Department of Pharmaceutics, School of Pharmacy, Shanghai University of Traditional Chinese Medicine, Shanghai, People's Republic of China.
Int J Nanomedicine. 2013;8:2533-41. doi: 10.2147/IJN.S46578. Epub 2013 Jul 22.
In the present study, nanostructured lipid carriers (NLCs) were prepared and optimized for the intravenous delivery of β-Elemene (β-E). Aqueous dispersions of NLCs were successfully prepared by high-pressure homogenization method using glycerol monostearate as the solid lipid and a mixture of Maisine 35-1 and Labrafil M1944 CS as the liquid lipid. The results revealed that the morphology of the NLCs was spheroidal. The particle size, zeta potential, and entrapment efficiency (EE) for the optimized formulation were observed as 138.9 nm, -20.2 mV, and 82.11%, respectively. X-ray diffraction analysis revealed the formation of less ordered structures in the inner core of the NLC particles. Moreover, the β-E-loaded NLCs were also less irritating and less toxic compared to Elemene injection. In addition, β-E-NLCs showed a significantly higher bioavailability and anti-tumor efficacy than Elemene injection. Taken together, our data indicate that the β-E-NLCs described in this study are well-suited for the intravenous delivery of β-E.

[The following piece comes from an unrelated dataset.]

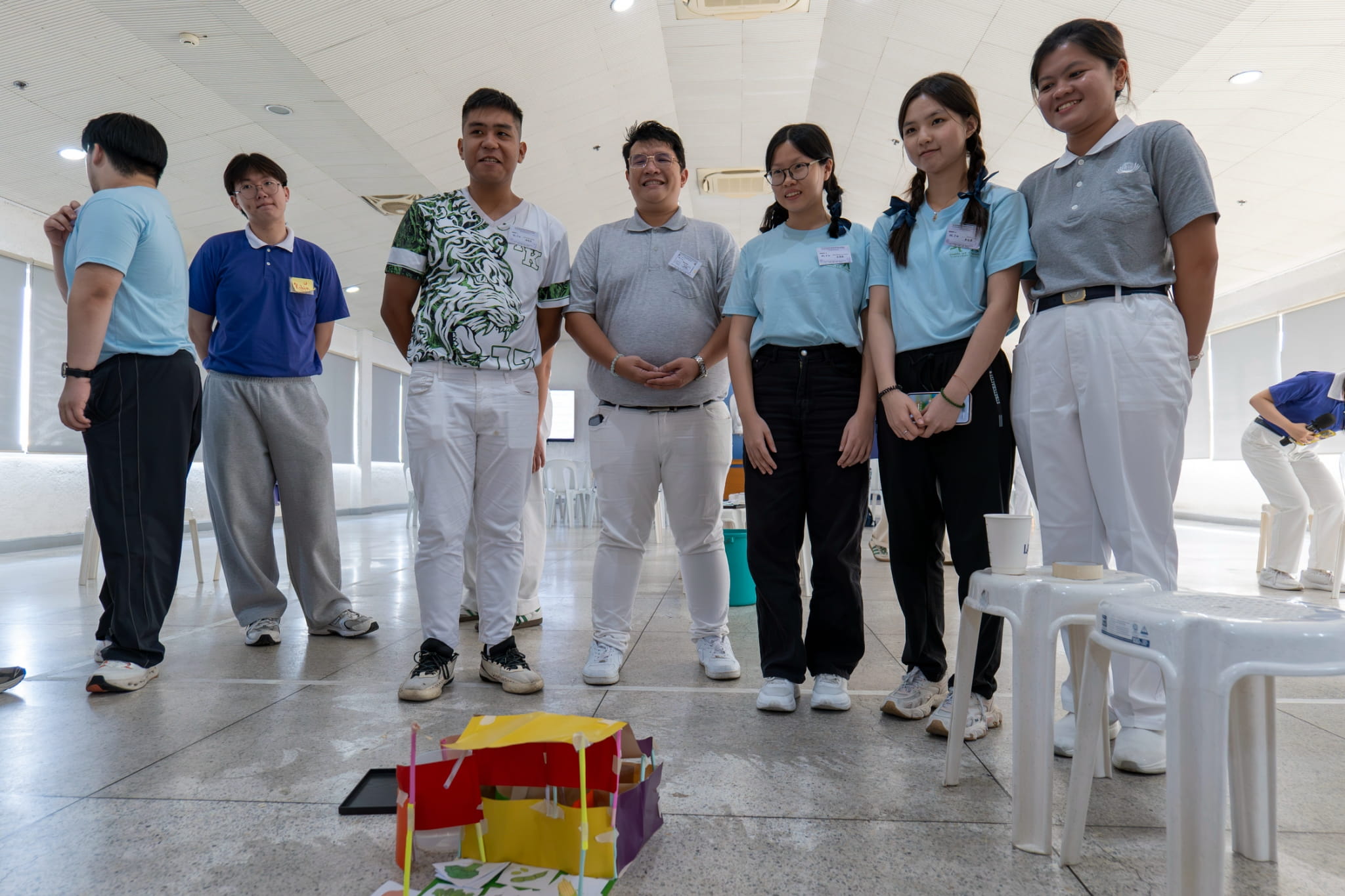 Groupmates gather around their creation in the team effort “Survival Game.”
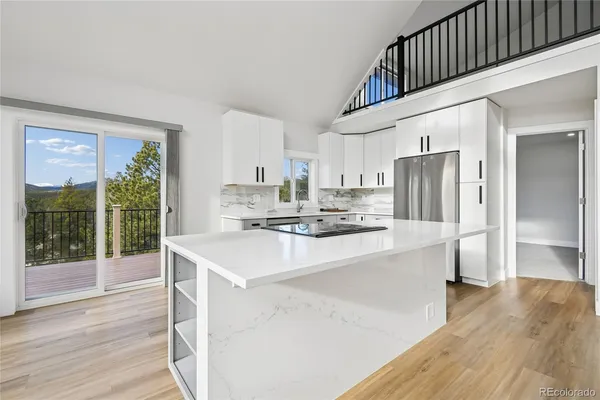 a kitchen with stainless steel appliances a kitchen island hardwood floor sink and stove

在本研究中,制备了纳米结构脂质载体(NLC),并对其进行了优化,以用于β-榄香烯(β-E)的静脉给药。通过高压匀质法成功制备了 NLC 的水性分散体,其中甘油单硬脂酸酯作为固体脂质,Maisine 35-1 和 Labrafil M1944 CS 的混合物作为液体脂质。结果表明,NLC 的形态为球形。优化配方的粒径、Zeta 电位和包封效率(EE)分别为 138.9nm、-20.2mV 和 82.11%。X 射线衍射分析表明,NLC 颗粒的内核中形成了较少有序的结构。此外,与注射用榄香烯相比,载有β-E 的 NLC 刺激性更小,毒性更低。此外,β-E-NLC 的生物利用度和抗肿瘤疗效明显高于注射用榄香烯。综上所述,我们的数据表明,本研究中描述的β-E-NLC 非常适合β-E 的静脉给药。